Culture minister says a judicial process will be put in place to allow 'rapid blocking of the dissemination of fake news' once it has been published.

La rédaction de Mediapart

This article is freely available.

Rapid response is going to be the French government’s answer to fake news in the media, reports FRANCE 24.

The French minister of culture Françoise Nyssen said that a judicial procedure would be established to stop the dissemination of fake news, as she introduced the anti-fake news law.

“The measures that we will be working on from now until March are to create a law about ‘confidence in information’ that will permit us to act very quickly when a fake news story goes viral, particularly during an election period,” said Nyssen in an interview with Journal du Dimanche on February 4.

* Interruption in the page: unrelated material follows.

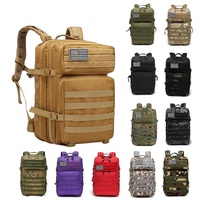 Mochila Táctica Oxford de Alta Calidad 45L con Bolsa Molle, Mochila de Asalto para Camping y Senderismo, Transpirable, Duradera y con Cremallera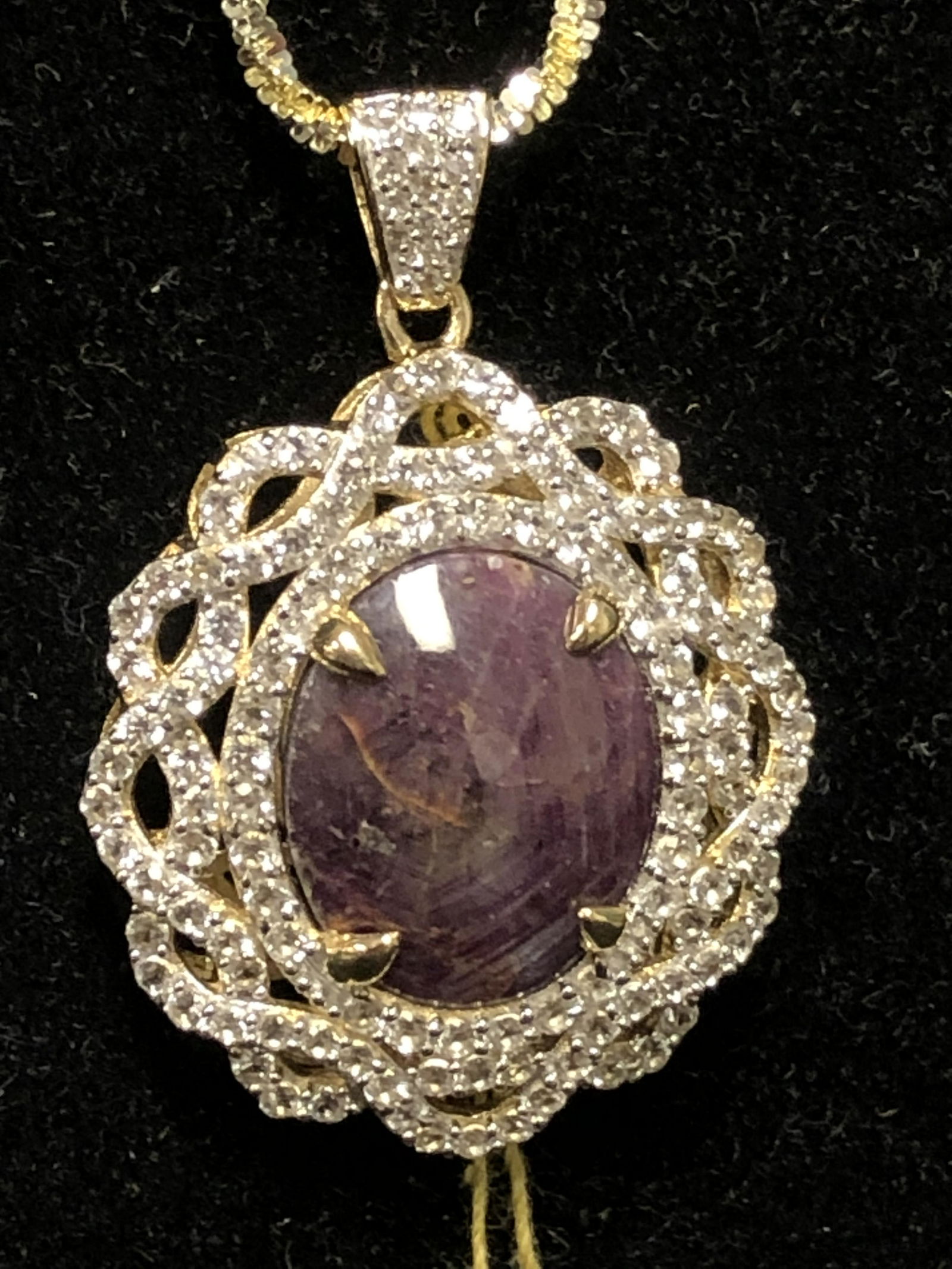 Certified, Star Ruby White Sapphire Pendant - 25.78ct (1 of 5)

“This new law will establish new responsibilities for the different media platforms, which will have to cooperate with the state and be transparent about their sponsored content. A judicial procedure will be put in place to allow rapid blocking of the dissemination of fake news once it has become manifest.”

French President Emmanuel Macron first proposed a law to counter fake news in his 2018 New Year’s speech to the press. This was seen as a veiled reference to Moscow-backed RT and Sputnik.

RT and Sputnik both have French-language websites and, during a joint press conference with his Russian counterpart Vladimir Putin in May, Macron accused them of publishing "defamatory untruths" and "deceitful propaganda".

Since then, RT - formerly known as Russia Today - has launched a French-language TV channel, putting regulators on their guard.

Macron saw thousands of internal documents leaked online while running for president, which he blasted as an attempt at "democratic destabilisation like that already seen in the United States during the last presidential campaign".